We hiked quietly for a bit, the memory of the lost crew at the front of our minds. Then she asked, “Do you feel guilty?”
I didn’t even have to think about it. “Yes. Every single day I ask myself, ‘Why did we live when they died?’”
“I wonder that too. I just don’t know, Mason.” She sniffed and wiped beneath her eyes. “It doesn’t make any sense.”
“Growing up, I just wanted a place to call home. I thought if I could just make enough money to buy a house for my mom, that’s all I would ever want. And then I made my first million and bought my mom a house, and then I thought, ‘I just need a little more to be comfortable. This could all be gone tomorrow.’”
My heart hurt thinking of my mom and how she probably thought I was dead. I could picture her crying alone for hours. I thought about Mark, Laurie, and the twins—my family, which I’d ignored so often for work. Will they miss me? I missed them. In fact, I missed them more than my work. They were the reasons I had to live… and Kinsey.
“I feel like that now,” she said. “The fights with my dad, boarding school, the car—it’s all meaningless. All I want to do is live. This experience has shown me what’s really important… and how quickly it can all slip away.”
Stopping in the middle of the trail, I turned Kinsey to face me. My fingers wiped the sweaty hair from her face before my hands settled on her shoulders. I looked her straight in the eye. “Thank God I have you, Kinsey. You have kept me going through all this. I couldn’t have done this without you. I never would have wanted these circumstances, but I have loved our time together.” I paused. “I love you.”
Her lovely blue eyes sparkled as a soft, pink smile spread across her sunburned face. “I love you too, Mason. If I had to be stranded after a plane crash in the jungle, I would only want it to be with you.”
Kinsey
Cresting the hill after a strenuous climb through some challenging terrain, Mason and I were suddenly standing on the precipice of a cliff. The river reached the very edge of the ledge before falling hundreds of feet through the air and splashing into the turquoise pool below. The crystal clear water reflected the sky back at us, and in the shadows, we could see the depths of the basin hollowed out of the rock.
“Oh!” I gasped. My arms wind-milled, my heart fluttered, and my breath came in short bursts as I caught myself teetering on the edge of the drop off. Before I could fall, Mason’s strong hand was on my shoulder, pulling me back from danger.
“Gotcha,” he said.
I stared down the incredible height of the cliff wall. “How are we going to get down there?” Standing on the tips of my toes, I looked out over the wide open space, searching for a path to the bottom, but there was none.
“Careful, Kins.” Mason said, extending a steady hand out to me. “We’ll take it slow and easy. Follow me.” Mason pulled the crash axe from his pack and began to swing at the thick brush that blocked our way. He cleared a rough, painful path through the scrub down the cliff face. It took hours. We were both scratched and bleeding by the time we reached the bottom.

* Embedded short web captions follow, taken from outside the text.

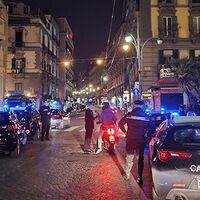 Entra nel locale, prende le Redbull e non le paga: commerciante aggredito con calci, pugni e una sedia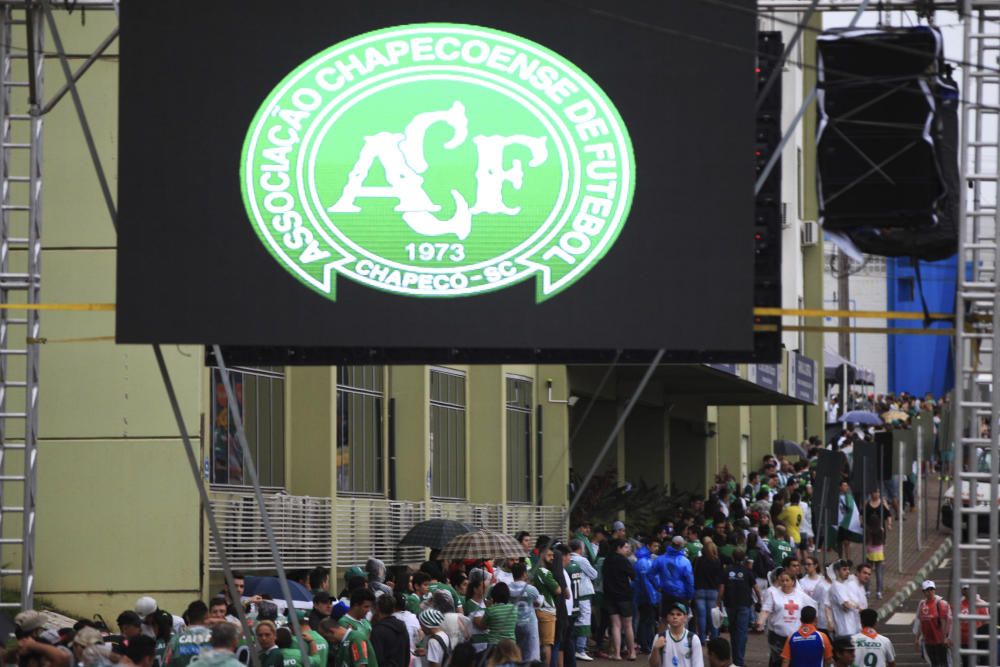 La afición del Chapecoense honra a los jugadores fallecidos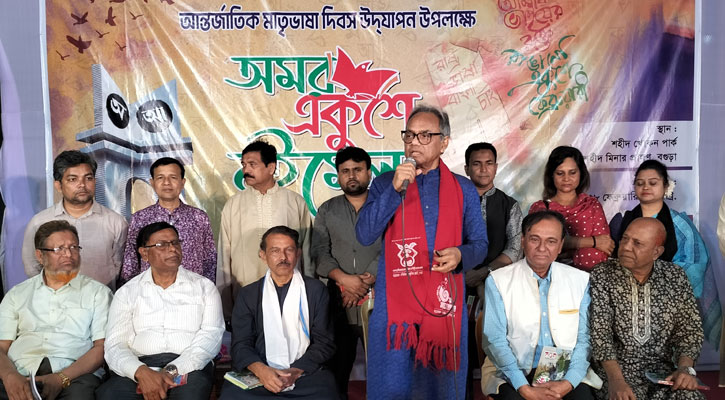 বগুড়ায় একুশে বইমেলায় কথাসাহিত্যিক ইমদাদুল হক মিলন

A hot, tired and sweaty mess, I collapsed to the ground and yanked my pack off. I pulled the sticky fabric of my shirt away from my aching shoulders and massaged them for a moment before bending down and tugging off my shoes and socks. Padding barefoot to the edge of the turquoise pool, I plunged my feet into the cool water. Holy cow! The gorgeous waterfall was a lucky find, an oasis of calm beauty in a sea of chaotic jungle.